It's unlikely but type_for_mode can return NULL, so you shouldn't
assert but fall back to using the original type.  The assert for
TYPE_UNSIGNED is superfluous - you asked for an unsigned type already.

Otherwise the IVOPTs changes and the new target hook look OK, please
address Seghers comments though.

Thanks,
Richard.

> +  gcc_assert (pref_type && TYPE_UNSIGNED (ntype));
> +
> +  int prec = TYPE_PRECISION (ntype);
> +  int pref_prec = TYPE_PRECISION (pref_type);
> +
> +  tree base;
> +
> +  /* Check if the PREFERRED_MODED is able to present niter.  */
> +  if (pref_prec > prec
> +      || wi::ltu_p (iterations_max,
> +		    widest_int::from (wi::max_value (pref_prec, UNSIGNED),
> +				      UNSIGNED)))
> +    {
> +      /* No wrap, it is safe to use preferred type after niter + 1.  */
> +      if (wi::ltu_p (iterations_max,
> +		     widest_int::from (wi::max_value (prec, UNSIGNED),
> +				       UNSIGNED)))
> +	{
> +	  /* This could help to optimize "-1 +1" pair when niter looks
> +	     like "n-1": n is in original mode.  "base = (n - 1) + 1"
> +	     in PREFERRED_MODED: it could be base = (PREFERRED_TYPE)n.  */
> +	  base = fold_build2 (PLUS_EXPR, ntype, unshare_expr (niter),
> +			      build_int_cst (ntype, 1));
> +	  base = fold_convert (pref_type, base);
> +	}
> +
> +      /* To avoid wrap, need fold niter to preferred type before plus 1.  */
> +      else
> +	{
> +	  niter = fold_convert (pref_type, niter);
> +	  base = fold_build2 (PLUS_EXPR, pref_type, unshare_expr (niter),
> +			      build_int_cst (pref_type, 1));
> +	}
> +    }
> +  else
> +    base = fold_build2 (PLUS_EXPR, ntype, unshare_expr (niter),
> +			build_int_cst (ntype, 1));
> +  return base;
> +}
> +
>  /* Add one doloop dedicated IV candidate:
>       - Base is (may_be_zero ? 1 : (niter + 1)).
>       - Step is -1.  */
> @@ -5688,8 +5738,20 @@ add_iv_candidate_for_doloop (struct ivopts_data *data)
>  	return;
>      }
>  
> -  tree base = fold_build2 (PLUS_EXPR, ntype, unshare_expr (niter),
> -			   build_int_cst (ntype, 1));
> +  machine_mode mode = TYPE_MODE (ntype);
> +  machine_mode pref_mode = targetm.preferred_doloop_mode (mode);
> +
> +  tree base;
> +  if (mode != pref_mode)
> +    {
> +      base = compute_doloop_base_on_mode (pref_mode, niter, niter_desc->max);
> +      ntype = TREE_TYPE (base);
> +    }
> +  else
> +    base = fold_build2 (PLUS_EXPR, ntype, unshare_expr (niter),
> +			build_int_cst (ntype, 1));
> +
> +
>    add_candidate (data, base, build_int_cst (ntype, -1), true, NULL, NULL, true);
>  }
>  
>
Iain Sandoe July 15, 2021, 7:39 a.m.
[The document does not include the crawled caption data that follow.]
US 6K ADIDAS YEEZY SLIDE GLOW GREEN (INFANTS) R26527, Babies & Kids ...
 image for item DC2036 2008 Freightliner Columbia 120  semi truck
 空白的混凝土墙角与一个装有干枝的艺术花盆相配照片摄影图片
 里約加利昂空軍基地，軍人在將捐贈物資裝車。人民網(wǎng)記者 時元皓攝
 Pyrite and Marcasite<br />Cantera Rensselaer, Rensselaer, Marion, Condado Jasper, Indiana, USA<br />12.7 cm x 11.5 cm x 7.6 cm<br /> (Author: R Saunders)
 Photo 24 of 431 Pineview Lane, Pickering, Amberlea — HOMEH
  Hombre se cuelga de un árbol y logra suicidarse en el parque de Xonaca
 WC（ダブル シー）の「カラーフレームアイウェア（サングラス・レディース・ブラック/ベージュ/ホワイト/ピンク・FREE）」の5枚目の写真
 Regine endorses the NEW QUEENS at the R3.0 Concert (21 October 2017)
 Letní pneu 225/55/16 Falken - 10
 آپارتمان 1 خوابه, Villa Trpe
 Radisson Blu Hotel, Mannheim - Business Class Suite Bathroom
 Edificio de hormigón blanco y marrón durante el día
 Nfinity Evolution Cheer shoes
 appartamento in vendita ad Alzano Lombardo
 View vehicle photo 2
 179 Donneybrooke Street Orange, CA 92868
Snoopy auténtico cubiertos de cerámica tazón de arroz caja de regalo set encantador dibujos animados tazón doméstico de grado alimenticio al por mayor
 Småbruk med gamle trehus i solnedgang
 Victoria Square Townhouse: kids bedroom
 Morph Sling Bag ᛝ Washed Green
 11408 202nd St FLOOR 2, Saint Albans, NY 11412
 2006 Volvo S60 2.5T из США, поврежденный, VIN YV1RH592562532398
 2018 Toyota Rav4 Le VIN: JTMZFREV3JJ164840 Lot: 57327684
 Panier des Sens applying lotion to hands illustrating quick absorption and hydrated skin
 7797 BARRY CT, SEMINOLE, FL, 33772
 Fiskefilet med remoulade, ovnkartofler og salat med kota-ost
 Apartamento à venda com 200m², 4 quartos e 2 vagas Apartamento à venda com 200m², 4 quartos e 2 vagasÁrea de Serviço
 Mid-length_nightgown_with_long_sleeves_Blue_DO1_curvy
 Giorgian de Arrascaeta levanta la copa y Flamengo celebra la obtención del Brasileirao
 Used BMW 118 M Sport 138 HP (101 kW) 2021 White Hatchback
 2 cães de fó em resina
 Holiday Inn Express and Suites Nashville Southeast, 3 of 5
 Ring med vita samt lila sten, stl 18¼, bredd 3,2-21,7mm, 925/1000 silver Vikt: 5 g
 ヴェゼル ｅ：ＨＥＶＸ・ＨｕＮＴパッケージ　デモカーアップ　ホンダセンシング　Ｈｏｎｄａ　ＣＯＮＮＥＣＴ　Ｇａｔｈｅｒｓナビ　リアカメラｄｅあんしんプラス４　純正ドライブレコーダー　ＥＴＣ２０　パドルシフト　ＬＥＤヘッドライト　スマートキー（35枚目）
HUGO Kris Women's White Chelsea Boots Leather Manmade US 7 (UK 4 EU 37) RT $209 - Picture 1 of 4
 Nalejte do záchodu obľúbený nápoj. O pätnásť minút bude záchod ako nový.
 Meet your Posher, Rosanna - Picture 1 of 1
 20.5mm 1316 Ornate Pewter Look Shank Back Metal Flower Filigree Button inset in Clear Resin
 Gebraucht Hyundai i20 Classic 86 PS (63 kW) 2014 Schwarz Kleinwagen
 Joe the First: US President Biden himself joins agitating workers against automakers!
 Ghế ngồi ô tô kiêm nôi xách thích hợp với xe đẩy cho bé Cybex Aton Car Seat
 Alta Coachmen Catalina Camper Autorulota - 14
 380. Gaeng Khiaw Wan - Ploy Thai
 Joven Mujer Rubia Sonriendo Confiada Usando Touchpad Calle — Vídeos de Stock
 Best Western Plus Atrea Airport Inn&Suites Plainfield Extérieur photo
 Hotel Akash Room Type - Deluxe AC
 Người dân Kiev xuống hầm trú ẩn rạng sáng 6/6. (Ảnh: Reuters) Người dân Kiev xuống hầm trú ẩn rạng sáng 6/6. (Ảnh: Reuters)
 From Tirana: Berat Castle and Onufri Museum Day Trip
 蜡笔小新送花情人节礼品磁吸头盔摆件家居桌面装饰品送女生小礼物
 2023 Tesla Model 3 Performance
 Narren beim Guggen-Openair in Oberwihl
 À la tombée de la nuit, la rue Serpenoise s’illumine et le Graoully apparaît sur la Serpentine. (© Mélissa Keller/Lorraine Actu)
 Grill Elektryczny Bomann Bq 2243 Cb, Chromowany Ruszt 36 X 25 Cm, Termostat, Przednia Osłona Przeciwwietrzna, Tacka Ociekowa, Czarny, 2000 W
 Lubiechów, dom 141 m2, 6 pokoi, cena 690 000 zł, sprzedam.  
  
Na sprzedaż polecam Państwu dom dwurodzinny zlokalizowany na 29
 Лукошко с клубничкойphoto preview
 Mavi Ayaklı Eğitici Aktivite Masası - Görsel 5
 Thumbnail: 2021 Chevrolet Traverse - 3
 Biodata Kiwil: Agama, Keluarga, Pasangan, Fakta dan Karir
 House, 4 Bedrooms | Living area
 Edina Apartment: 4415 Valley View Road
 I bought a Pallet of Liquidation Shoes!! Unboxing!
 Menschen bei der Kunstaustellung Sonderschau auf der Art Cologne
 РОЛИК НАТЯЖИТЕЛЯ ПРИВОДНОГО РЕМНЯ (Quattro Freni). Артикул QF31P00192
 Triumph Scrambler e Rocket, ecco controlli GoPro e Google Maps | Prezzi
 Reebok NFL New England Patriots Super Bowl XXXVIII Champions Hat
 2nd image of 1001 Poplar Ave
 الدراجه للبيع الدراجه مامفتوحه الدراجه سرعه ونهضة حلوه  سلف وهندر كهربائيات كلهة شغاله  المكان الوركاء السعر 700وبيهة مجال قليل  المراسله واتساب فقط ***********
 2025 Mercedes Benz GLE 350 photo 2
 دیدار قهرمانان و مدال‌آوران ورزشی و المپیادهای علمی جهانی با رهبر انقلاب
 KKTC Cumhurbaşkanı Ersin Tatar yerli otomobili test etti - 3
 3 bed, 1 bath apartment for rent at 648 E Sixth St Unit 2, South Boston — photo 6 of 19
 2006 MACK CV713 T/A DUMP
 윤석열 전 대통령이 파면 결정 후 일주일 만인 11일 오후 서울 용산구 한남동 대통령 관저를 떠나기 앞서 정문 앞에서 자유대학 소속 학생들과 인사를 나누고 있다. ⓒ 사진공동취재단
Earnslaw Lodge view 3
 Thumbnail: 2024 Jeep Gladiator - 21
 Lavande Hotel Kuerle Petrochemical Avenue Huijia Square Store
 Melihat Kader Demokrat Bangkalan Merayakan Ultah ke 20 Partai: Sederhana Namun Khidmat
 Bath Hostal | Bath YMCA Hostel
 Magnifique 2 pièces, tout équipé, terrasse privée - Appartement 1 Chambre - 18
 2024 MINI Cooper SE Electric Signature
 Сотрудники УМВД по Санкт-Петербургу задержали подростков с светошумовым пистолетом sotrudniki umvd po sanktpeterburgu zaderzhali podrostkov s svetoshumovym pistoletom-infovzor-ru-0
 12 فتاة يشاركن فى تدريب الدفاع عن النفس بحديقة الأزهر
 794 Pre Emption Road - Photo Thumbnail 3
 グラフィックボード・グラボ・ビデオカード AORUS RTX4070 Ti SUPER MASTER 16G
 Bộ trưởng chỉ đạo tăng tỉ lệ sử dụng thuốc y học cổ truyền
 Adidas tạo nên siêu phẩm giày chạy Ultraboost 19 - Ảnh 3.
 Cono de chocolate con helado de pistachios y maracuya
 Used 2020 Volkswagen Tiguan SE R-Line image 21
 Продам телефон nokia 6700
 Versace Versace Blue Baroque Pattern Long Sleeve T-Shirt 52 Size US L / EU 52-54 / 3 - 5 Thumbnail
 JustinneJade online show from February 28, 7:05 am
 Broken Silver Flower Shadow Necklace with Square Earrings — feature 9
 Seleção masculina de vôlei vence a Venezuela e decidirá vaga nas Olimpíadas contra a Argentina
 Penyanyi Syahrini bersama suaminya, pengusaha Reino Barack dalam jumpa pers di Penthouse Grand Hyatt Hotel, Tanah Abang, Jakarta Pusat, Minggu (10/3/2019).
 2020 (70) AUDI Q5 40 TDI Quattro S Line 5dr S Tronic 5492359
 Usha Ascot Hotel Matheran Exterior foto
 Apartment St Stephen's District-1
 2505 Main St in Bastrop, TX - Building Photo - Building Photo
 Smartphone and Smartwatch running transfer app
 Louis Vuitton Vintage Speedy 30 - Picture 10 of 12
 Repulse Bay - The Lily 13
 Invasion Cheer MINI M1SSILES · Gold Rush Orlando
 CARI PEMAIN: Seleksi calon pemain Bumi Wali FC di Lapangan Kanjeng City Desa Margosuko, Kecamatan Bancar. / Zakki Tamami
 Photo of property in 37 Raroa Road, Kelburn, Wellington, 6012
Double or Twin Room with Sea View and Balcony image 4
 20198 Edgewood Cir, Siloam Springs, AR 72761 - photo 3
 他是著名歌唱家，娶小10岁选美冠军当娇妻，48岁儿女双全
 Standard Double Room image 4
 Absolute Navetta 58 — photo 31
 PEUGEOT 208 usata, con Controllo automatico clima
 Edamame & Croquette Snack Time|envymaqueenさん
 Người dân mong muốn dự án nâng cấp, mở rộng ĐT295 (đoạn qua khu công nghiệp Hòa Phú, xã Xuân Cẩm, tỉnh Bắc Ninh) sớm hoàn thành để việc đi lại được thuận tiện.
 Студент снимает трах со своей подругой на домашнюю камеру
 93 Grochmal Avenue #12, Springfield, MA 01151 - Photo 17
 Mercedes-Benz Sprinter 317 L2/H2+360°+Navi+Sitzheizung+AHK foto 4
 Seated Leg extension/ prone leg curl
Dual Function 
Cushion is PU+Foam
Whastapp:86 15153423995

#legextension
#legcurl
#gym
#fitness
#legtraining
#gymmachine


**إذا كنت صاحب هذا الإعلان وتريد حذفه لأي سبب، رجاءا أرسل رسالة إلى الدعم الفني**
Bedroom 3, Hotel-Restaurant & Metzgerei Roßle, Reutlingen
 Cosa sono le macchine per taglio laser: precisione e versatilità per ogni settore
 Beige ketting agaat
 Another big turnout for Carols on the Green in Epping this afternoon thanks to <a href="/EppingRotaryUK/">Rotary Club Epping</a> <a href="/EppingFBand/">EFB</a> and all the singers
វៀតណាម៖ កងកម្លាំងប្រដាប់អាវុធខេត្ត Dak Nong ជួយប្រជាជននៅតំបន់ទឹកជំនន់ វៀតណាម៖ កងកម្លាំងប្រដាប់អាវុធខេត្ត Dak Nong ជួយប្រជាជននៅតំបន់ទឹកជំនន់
UTC | #7
> On 15 Jul 2021, at 06:09, guojiufu via Gcc-patches <gcc-patches@gcc.gnu.org> wrote:
> 
> On 2021-07-15 02:04, Segher Boessenkool wrote:
> 

>>> +@deftypefn {Target Hook} machine_mode TARGET_PREFERRED_DOLOOP_MODE
>>> (machine_mode @var{mode})
>>> +This hook takes a @var{mode} which is the original mode of doloop IV.
>>> +And if the target prefers other mode for doloop IV, this hook returns
>>> the
>>> +preferred mode.
>>> +For example, on 64bit target, DImode may be preferred than SImode.
>>> +This hook could return the original mode itself if the target prefer to
>>> +keep the original mode.
>>> +The origianl mode and return mode should be MODE_INT.
>>> +@end deftypefn
>> (Typo, "original").  That has all the right contents, but needs someone
>> who is better at English than me to look at it / improve it.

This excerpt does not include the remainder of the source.